Center for Maine Contemporary Art
- Location: 21 Winter Street Rockland, Maine, U.S.
- Coordinates: 44°11′15″N 69°04′13″W﻿ / ﻿44.1875°N 69.0703°W
- Type: Art museum
- Architect: Toshiko Mori
- Website: cmcanow.org

= Center for Maine Contemporary Art =

Founded in 1952, the Center for Maine Contemporary Art (CMCA) is a contemporary arts institution, presenting a year-round program of changing exhibitions featuring the work of emerging and established artists with ties to Maine. In addition, CMCA offers a full range of educational programs for all ages, including gallery talks, performances, film screenings, and hands-on workshops. In 2016, CMCA opened a newly constructed 11,500+ square foot building, with 5,500 square feet of exhibition space, designed by architect Toshiko Mori. Located in downtown Rockland, Maine, across from the Farnsworth Art Museum and adjacent to the Strand Theatre, the new CMCA has three exhibition galleries, a gift shop, a lecture hall, an ArtLab classroom, and an open public courtyard.

== History ==

The Center for Maine Contemporary Art was originally established in Rockport, Maine as Maine Coast Artists, an artists' cooperative including Denny Winters, William and Stell Shevis, William Thon, Mildred Burrage, William Kienbusch and Francis Hamabe. For its first fifteen years, the center had no permanent space and a rotating slate of volunteer curators. Early exhibitions were held at the Rockport town office, in a barn, in a storage loft, and in a former schoolhouse, among other venues. Nevertheless, those shows also included such artists as Alex Katz, Louise Nevelson, Fairfield Porter, and William Zorach, to name just a few.

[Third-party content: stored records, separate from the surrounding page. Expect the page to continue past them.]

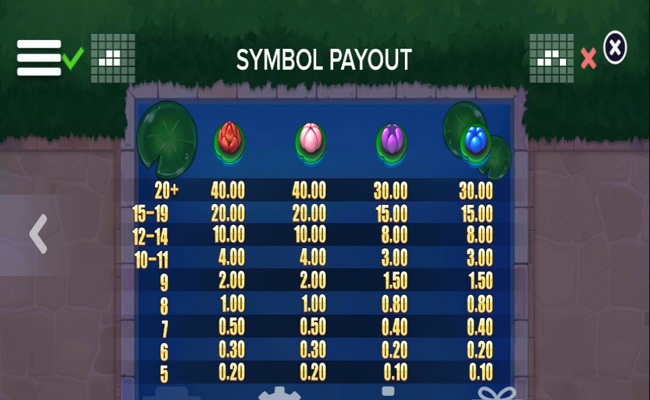 quackers paytable 2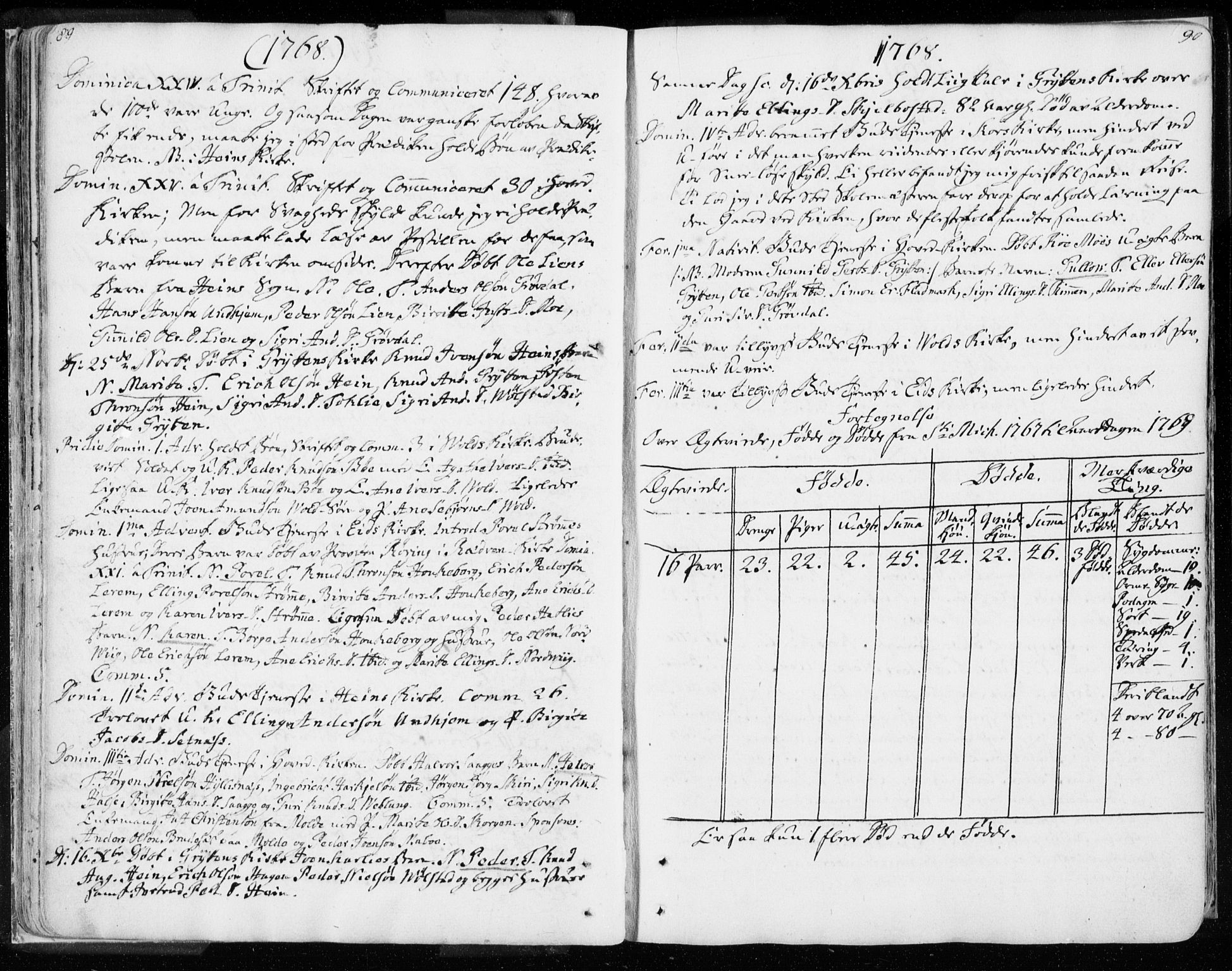 Ministerialprotokoller, klokkerbøker og fødselsregistre - Møre og Romsdal, AV/SAT-A-1454/544/L0569: Parish register (official) no. 544A02, 1764-1806, p. 89-90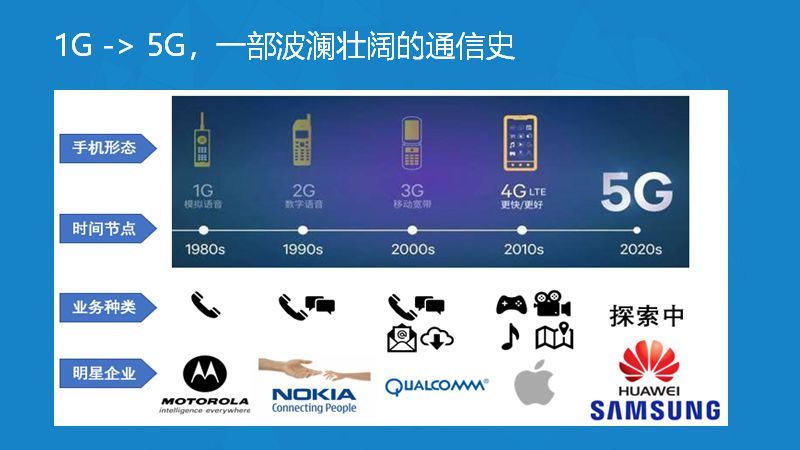 手机信号一直3g网络用不上_手机信号一直是3g用不了流量_手机信号3g上不了网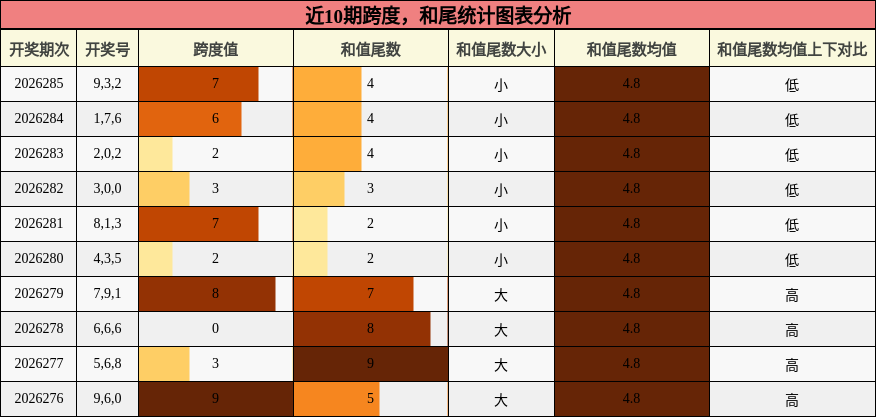 跨度分析，和尾分析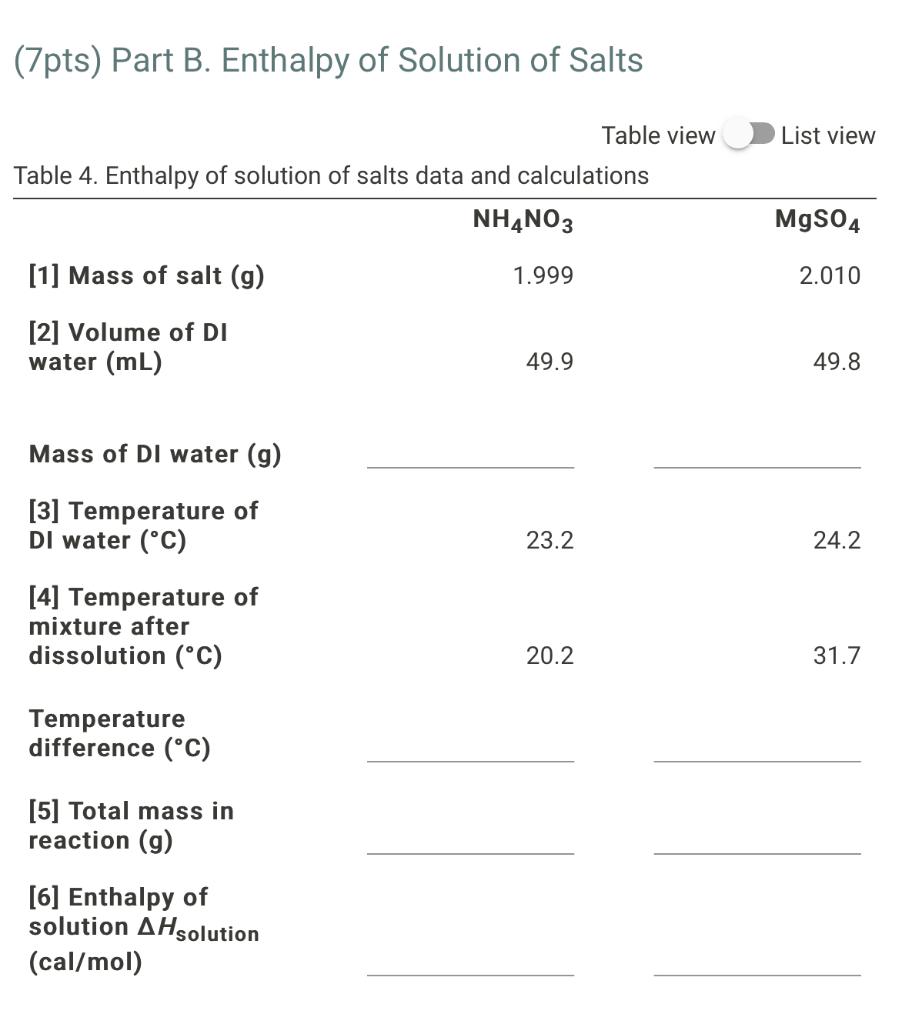 Solved Constant Pressure Calorimetry (2pts) Part A. Heat of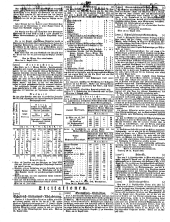 Wiener Zeitung 18500818 Seite: 14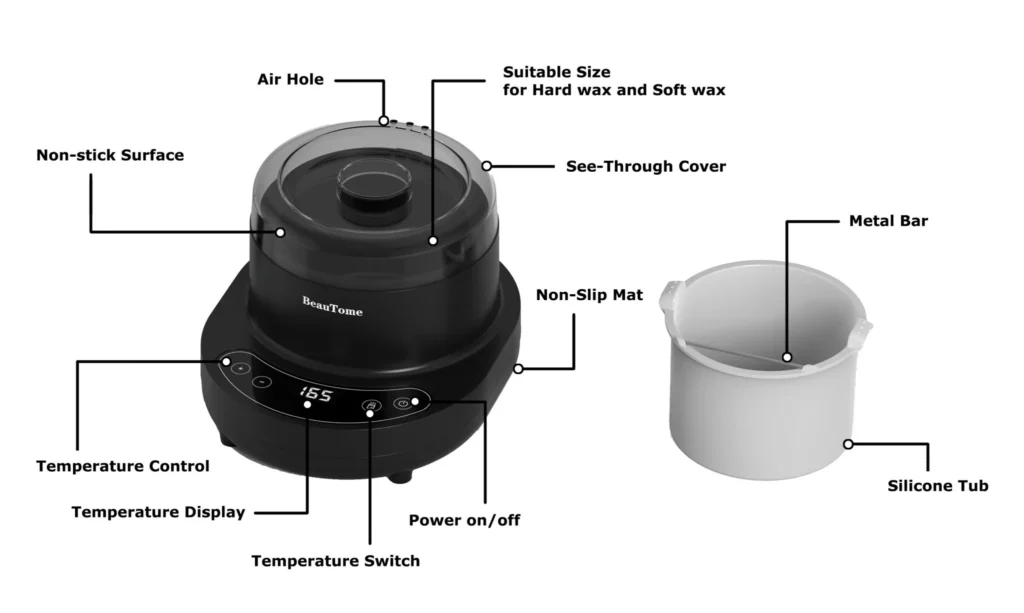 Wax Heater Functions 2048x1225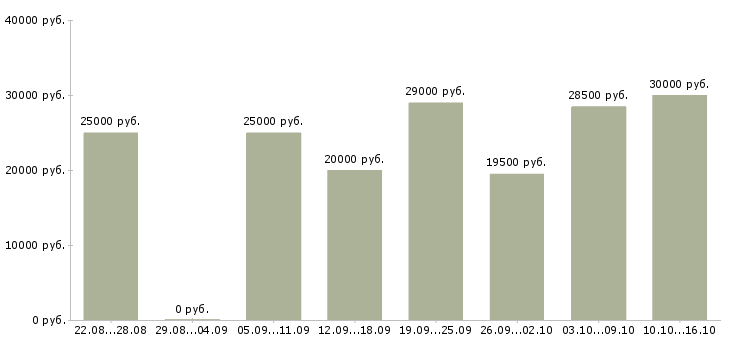 Вакансии требуется удаленный менеджер в Ставрополе - Медиана зарплат требуется удаленный менеджер в Ставрополе за 2 месяца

In 1967, a new director, Mildred Cummings—whose husband, Willard Cummings, was a founder of the Skowhegan School of Painting and Sculpture—oversaw the purchase of a former firehouse and livery stable in Rockport. Over the next nearly five decades in that location, the center thrived, incorporating itself as a non-profit, and in recognition of its broadening scale, renamed itself the Center for Maine Contemporary Art in 2002. Among the hundreds of artists that have shown at CMCA are Lois Dodd, David Driskell, Alan Magee, John Walker, Neil Welliver, Robert Indiana, and Jamie Wyeth.